Millenials? Those people living in their parents’ basement? As if they have anything to invest…

No, millenials are 30 years old earning $300K driving around in Teslas here in Austin and they extremely excited about crypto. I have been listening to them for years and made disgusting money. The crypto train is leaving, millenials do not want to buy your lame Kruger Rands, JSE or ZAR, they dont even know what that is.

@CTexective: not surprised they don’t know about ZAR. According to National Geographic 20% of Americans can’t find the US on a map. Seriously. How will they find the ZAR?

And by the way shouldn’t you be Austinexec by now? Greetings from Cape Town. It’s still the most beautiful city in the world.

I guess Millennials also does not believe in diversification?

What was their preference “Red or Black”???

Crypto has over 6000 diversification options with significant interest bearing savings options that outstrip interest offered by banks not to mention superior capital growth.

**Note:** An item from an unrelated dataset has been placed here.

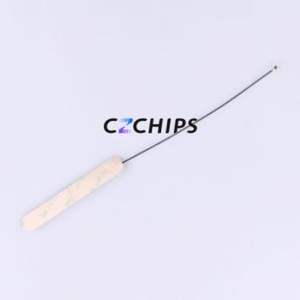 DL-F8-5G Antenna RF ( Antenna Type: Internal Antenna )( Gain: 3dBi )( Impedance: 50Ohm )( Power Rating: 10W ) - Product Image 1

hmm, millenials are busy raising their kids and sending them to school, and are closer to 40 years old… I think we’re talking about genZ?

Millenials 1981 – 1996

yep, they’re the parents with kids now. They ain’t in their parents basements anymore.

“Millennial” is meaningless term nowadays. Journalists need to use age ranges.

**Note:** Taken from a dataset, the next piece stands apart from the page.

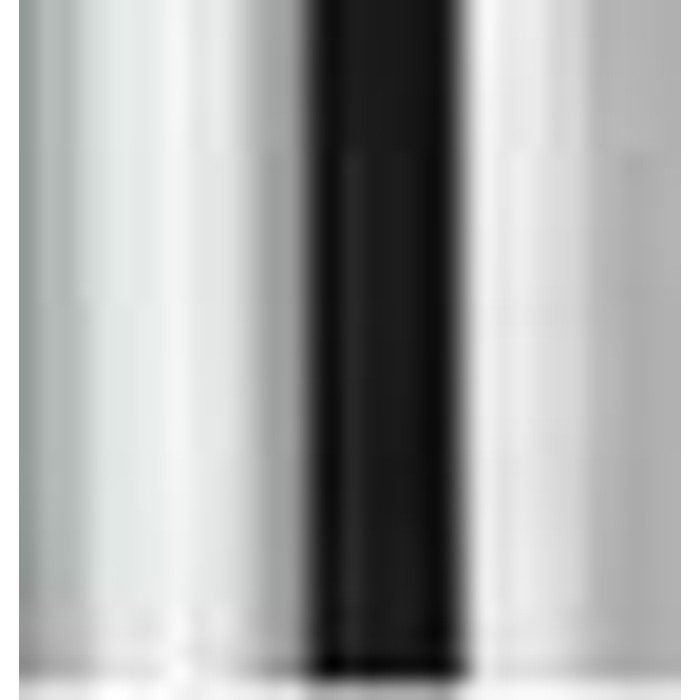 K47531EJV シングルワンホール洗面混合栓 column クロム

By implication Millennials are saying its better to invest in a specific money token than in an entity that generates money (in whatever the token of the day is)

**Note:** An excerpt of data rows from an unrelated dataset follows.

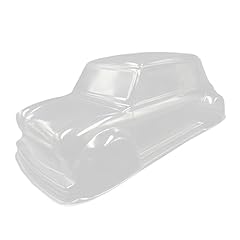 Harayaa body shell for sale  Delivered anywhere in UK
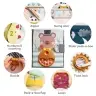 Taf Toys Fantasy Busy book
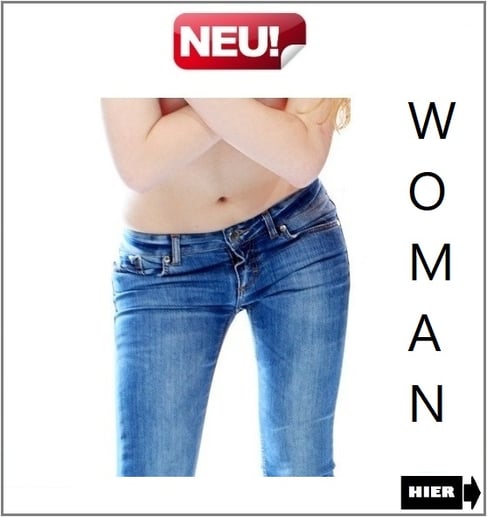 Neuheiten Damen Bekleidung jeans hosen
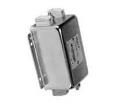 12FC10 Power Line Filters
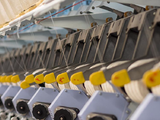Indorama adding Glanzstoff to tire-cord acquisitions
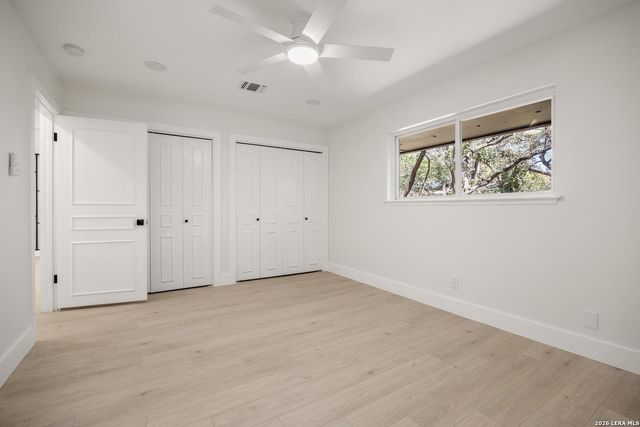 423 Fantasia, San Antonio, TX 78216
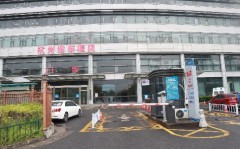 医院专栏：杭州专业看青少年焦虑症的医院有哪些“近期公开”杭州好一些的青少年焦虑症医院在哪里好点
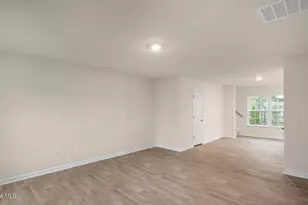 334 Rudy's Ct, Ayden, NC 28513 - Photo 6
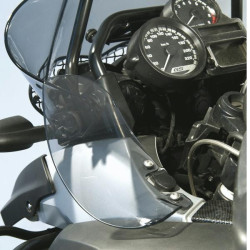 Coppia di paramani Isotta per BMW R1200GS e R1200GS Adventure varie colorazioni Coppia di paramani Isotta per BMW R1200GS e R1200GS Adventure varie colorazioni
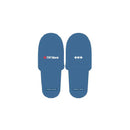 TXT - Office Room Slipper [2025 Season's Greetings POP-UP Official MD]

I’d rather be invested in the latter.

I just love your gold bitcoin picture. If BTC had credibility of its own, why do you need to have it in gold?

Yep…it appears millennials are significantly smarter than you.

They bought R 1000 worth of BTC 5 years ago and today they have R 70 000.
What is the value of your R 1000 in shares bought 5 years ago?

You mean to say if they did buy R1,000 worth of BTC 5 years ago, it would be worth R70,000 today.

Strange how a simple logical observation rubs people the wrong way.

And then there are those clever people who uses hindsight as the basis of their confidence about the future.

@NYBoertjie, our daughter was 18 when she put here life-time saving of cR15k into BTC when it was R 3 300. Now she is 22; You do the calculation & tell me that she did the wrong thing.

I have been coaching crypto for the last 4 years and most have bought their own bitcoin/alts

Myricals ….you are proselytising

Always a problem in believing someone that does this

Leah, anything but.

I am old school with a diversified portfolio of assets.

My Daughter at age 22 is purely diversified in a variety of crypto projects that generate an income to the extent that she will never need a job.

I teach crypto projects to young adults mostly but also teach gold, silver, property and trusts. My role is merely imparting knowledge and they decide for themselves which projects are most suitable for themselves.

And I prefer blondes over brunettes. Just as irrelevant. What are the actual numbers, how much are they buying in each sector for you to say this?

Myricals, you are hillarious. I love the fact that you coach BTC. Then it seems your daughter made these investments, how about the coach?

I simply made the observation that if you choose to invest in BTC that you are effectively investing in a money token (which hasn’t done badly if you invested in it a long time ago). I would in principle rather invest in an entity like property or equities that makes profit in whatever money token is used. To me that is a much more sustainable way to invest. Rather than picking a money token, money is best used to transact. I haven’t followed the price of BTC lately but have the feeling over the last 1 year that many equities have outperformed BTC if you also had the hindsight to pick them. Gold shares maybe? Some tech stocks?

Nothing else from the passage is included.